▸ **SUPPLIED DATA**
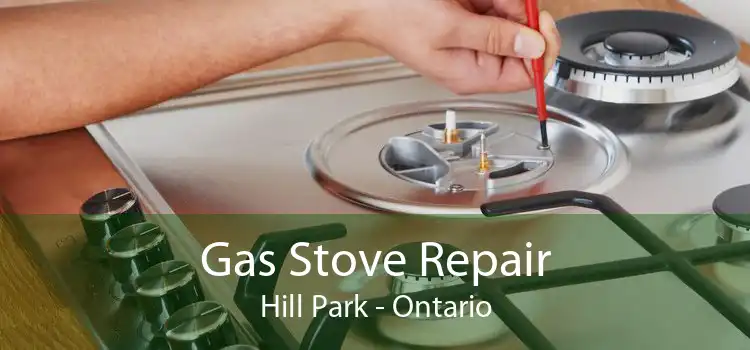 Gas Stove Repair Hill Park - Ontario
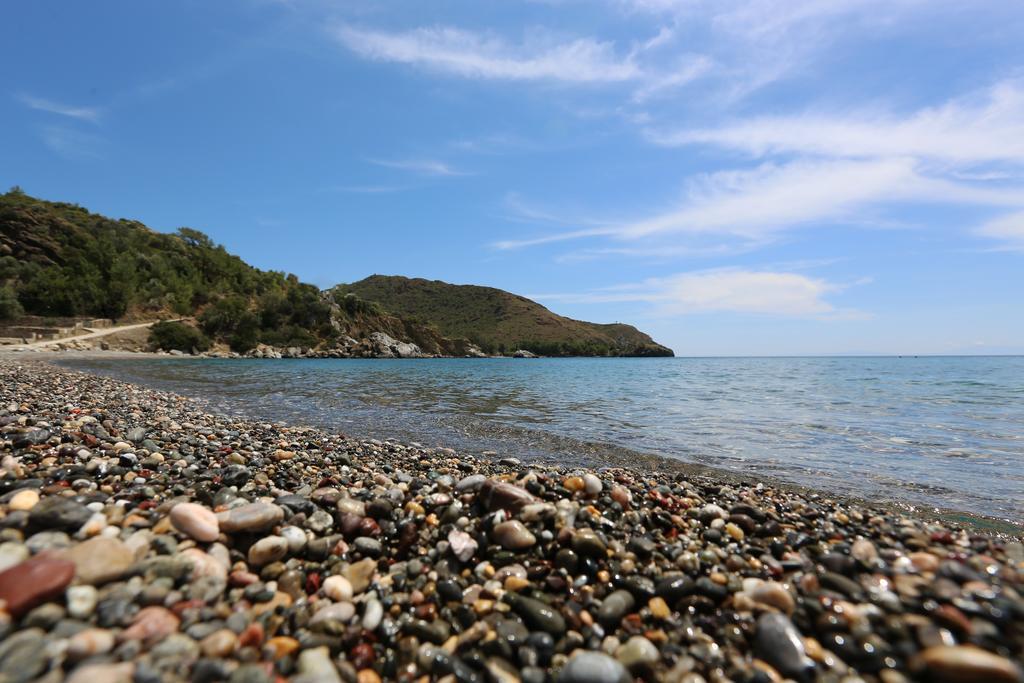 Hayitbuku Ahsapevleri Affittacamere Mesudiye  Esterno foto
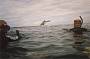 See these amazing animals in their natural environment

▸ **WHAT THIS TASK INVOLVES**
Set the preceding data down again word for word, omitting images.

▸ **SOLUTION TO THE PROBLEM**
 Gas Stove Repair Hill Park - Ontario
 Hayitbuku Ahsapevleri Affittacamere Mesudiye  Esterno foto
 See these amazing animals in their natural environment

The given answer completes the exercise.